Rankin County Circuit Court Judge Steven Ratcliff issued the order five days before trial began, which limited evidence, law enforcement testimony, and the circumstances of Tax Assessor John Sullivan’s arrest by Byram police on March 26, 2022.

Specifically, it excludes Sullivan’s arrest by Byram police, his DUI charge, and his level of intoxication that night.

Sullivan’s attorney, Merrida Coxwell, filed a Motion in Limine regarding the evidence, writing to Ratcliff that “evidence which is incompetent and inflammatory in character carries with it a presumption of prejudice.”

Special Assistant Attorney General Lindsay Cranford responded, telling the judge the statements are “evidence of the Defendant’s state of mind immediately prior to the sexual assault and are admissible to prove motive, intent, preparation, plan, and absence of mistake.”

As 3 On Your Side first reported last year, the DUI arrest and subsequent interrogation by Byram police officers took place a few hours before a 19-year-old girl accused Sullivan of rape.

Byram Police Officer Shawn Walters, who testified Monday, was only allowed to tell the jurors -- one of whom is female -- that he encountered Sullivan during a traffic stop, providing little context except who was inside the truck and their approximate ages.

Our investigation revealed Sullivan’s blood alcohol content was originally 0.19 when he was pulled over on Siwell Road for crossing the yellow line.

At the time, the tax assessor didn’t know the ages of the people inside the truck with him that night, according to body and dash camera footage obtained by 3 On Your Side.

Surveillance footage inside the Byram Police Department booking room shows the elected official bragging to Walters about being a professional drunk and repeatedly mentioning a hot tub at his house where he would be partaking in sexual activity.

The order only allowed three statements from Sullivan’s nearly hour-long conversation with the officer:

“We were going to the hot tub.
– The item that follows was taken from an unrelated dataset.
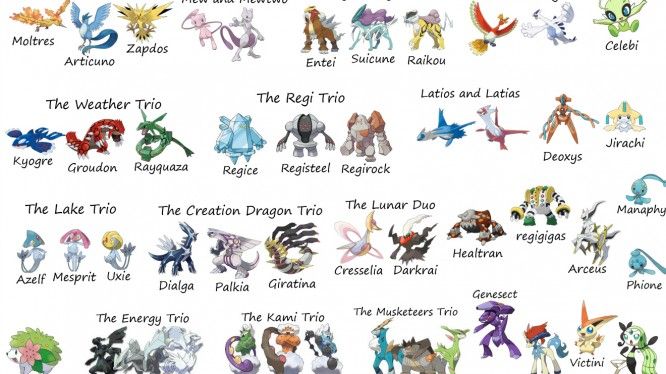 All-Legendary-Pokemon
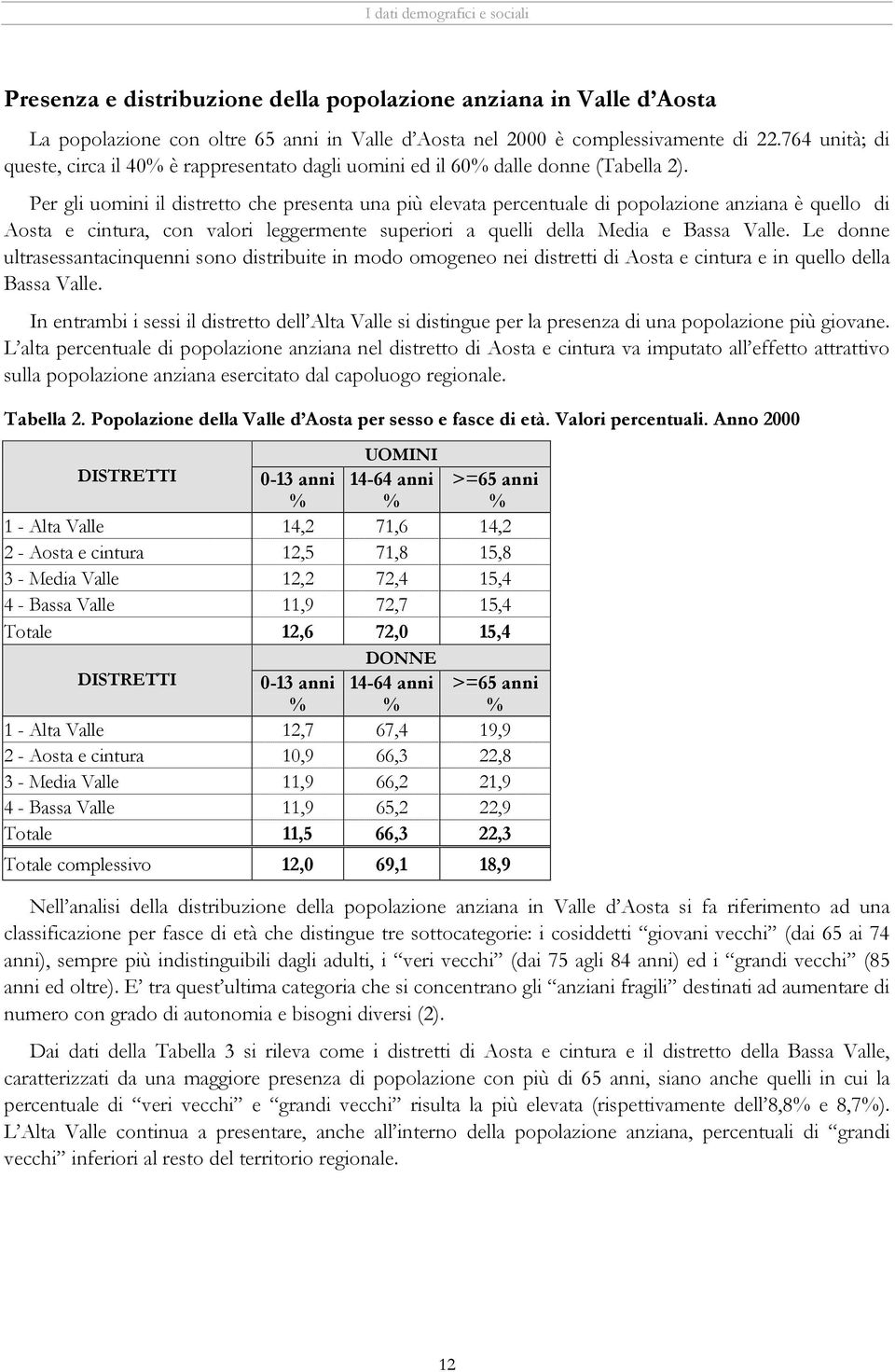 Per gli uomini il distretto che presenta una più elevata percentuale di popolazione anziana è quello di Aosta e cintura, con valori leggermente superiori a quelli della Media e Bassa Valle.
And I thought it was going to be a good hot tub night. Sex and p***y and [inaudible].”

“I’m just telling you it was going to be a good night.”

“I’m just saying it was going to be a good hot tub night.”

Surveillance video showed that Sullivan also told Walters that some of the people he was with were “good lookin’ [expletive] whores” and said he was going to get four of those [expletives] into his hot tub, but the jury will not get to hear those statements.

On Tuesday, one witness who accompanied the victim to Sullivan’s house testified before the jury, and the court viewed videos from Dockery Grill of Sullivan dancing with one of the girl’s mothers and surveillance video from Sullivan’s home.

The surveillance footage showed the victim taking the cover of the hot tub off before jumping in, which Coxwell has argued shows that she was not “physically helpless,” a key point in the state’s case.

Last July, a Rankin County grand jury indicted Sullivan on three counts of sexual battery, specifically of a person “physically helpless.” In Mississippi statute, that is defined as “one who is unconscious or one who for any other reason is physically incapable of communicating an unwillingness to engage in an act.”

Sullivan remains in office, though he is not running for re-election.

If convicted, Sullivan would be removed from office and face a maximum of 30 years in prison for each count of sexual battery.

The judge’s order also excluded any texts from Sullivan’s phone prior to the March 26, 2022 incident, only allowing a handful of texts sent afterward that allude to his fear of prosecution once the victim decided to press charges.

“She filed papers with the city of Florence at 5 this morning so it’s over for me,” Sullivan texted an unknown party. “I [sic] doesn’t matter if I’m an elected official it doesn’t matter if I’m innocent!!! This is going to ruin my life no matter what.”

Sullivan then asked the unknown person for a favor.

“Any chance y’all could talk that girl into withdrawing the charges??”